Jokes aside, we could decide once we are all there and see how we feel?


----------



## phil3012 (Jul 25, 2008)

TondyTT said:


> Not going to lie chaps.... Curry trumps fish & chips every time, Phil, you sure your a born and bred Yorkshireman?


Technically not mate as I'm from Middlesbrough area originally, which has only been part of Yorkshire since 1995 and even then it's still debatable!

We could do Cummin Lounge again?, it's never disappointed before!


----------



## TondyRSuzuka (Dec 3, 2011)

phil3012 said:


> TondyTT said:
> 
> 
> > Not going to lie chaps.... Curry trumps fish & chips every time, Phil, you sure your a born and bred Yorkshireman?
> ...


Haha that explains the fish and chips then.

Steak house didnt disappoint either :lol: its a great drive too, cruise right past the Cumin lounge and keep going for another 10 mins.


----------



## Atom1 (Jan 21, 2013)

I'd be up for Steak.


----------



## Darthhawkeye (Aug 2, 2010)

Sounds good


----------



## TondyRSuzuka (Dec 3, 2011)

Shall I book a table then?

Shaun do you mind doing the head count? I think I've got my mate tagging along again as we will be coming back from the track event.

I will ask Harrison if he has any extras joining us...

I'll get a table booked tonight as they can get very busy. I treid to go on friday but they were packed [smiley=bigcry.gif]


----------



## holla_j (Jan 1, 2012)

Oh btw I'm bringing the wife if that's okay


----------



## TondyRSuzuka (Dec 3, 2011)

holla_j said:


> Oh btw I'm bringing the wife if that's okay


Bloody hell that's moved fast!

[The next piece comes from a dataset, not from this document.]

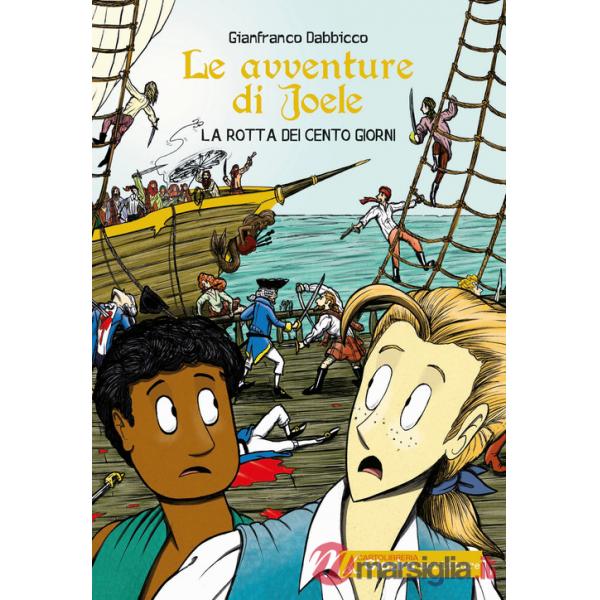 Rotta dei Cento Giorni. Le avventure di Joele (La)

Last time you'd ditched her...
:lol:


----------



## phil3012 (Jul 25, 2008)

I might have to meet you there guys.

Brad, do you have the address of the place please?


----------



## TondyRSuzuka (Dec 3, 2011)

phil3012 said:


> I might have to meet you there guys.
> 
> Brad, do you have the address of the place please?

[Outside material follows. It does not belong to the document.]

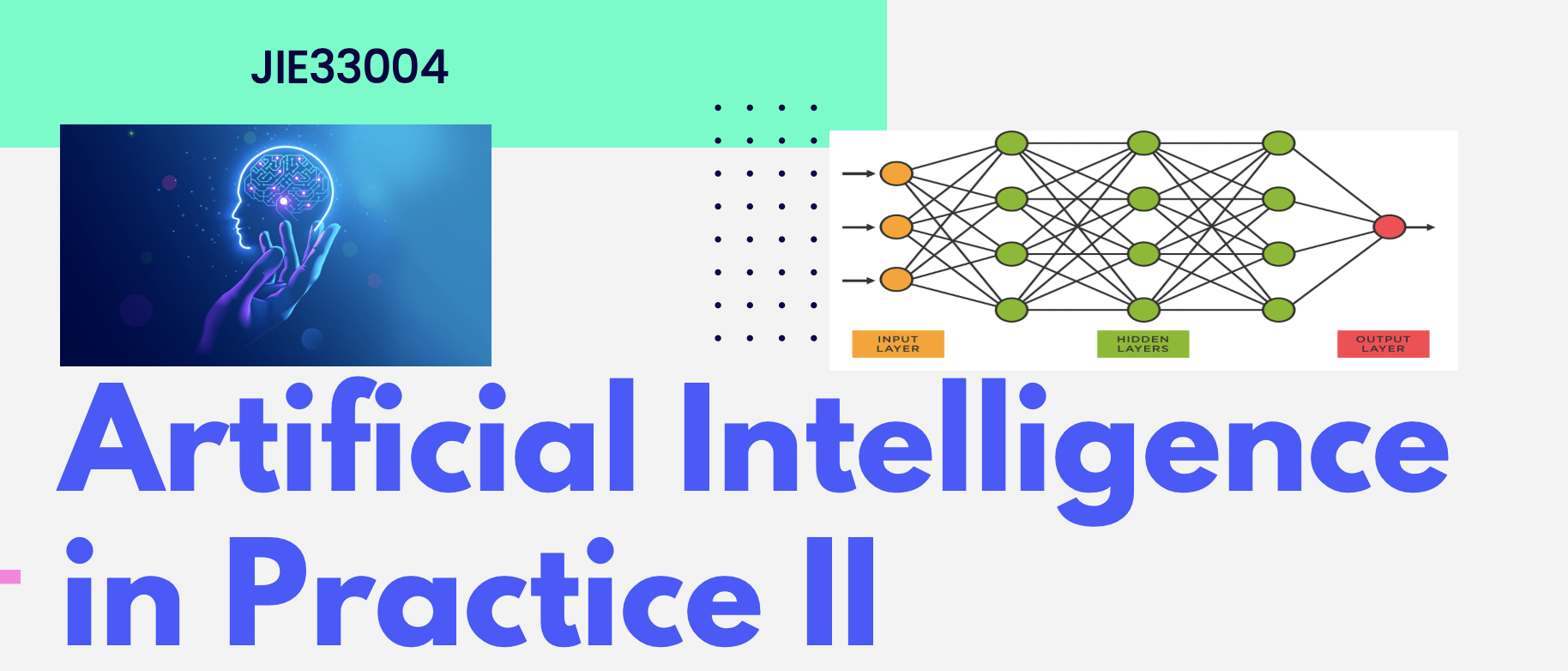 JIE33004 PRAKTIS DALAM KEPINTARAN BUATAN II - FSDK1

The Rythre Arms, Ryther Village, Near Tadcaster, North Yorkshire, LS24 9EE, United Kingdom

See you there, I will book a table tonight.


----------



## holla_j (Jan 1, 2012)

I live in tadcaster! Haha. Round trip for me, might have to leave early on thursday unfortunately as I have to go to a bar opening that I'm DJing for. Sorry about that but its a downside to my job!


----------



## holla_j (Jan 1, 2012)

Hey up lads,

A new bar that I'm DJing for is having its launch party tonight and I have to work it as the other DJ is ill. Only just found out a hour and half before it opens! I'm so sorry I'm missing out again, i'm gutted. Have a great time and drive safe, will see you soon!


----------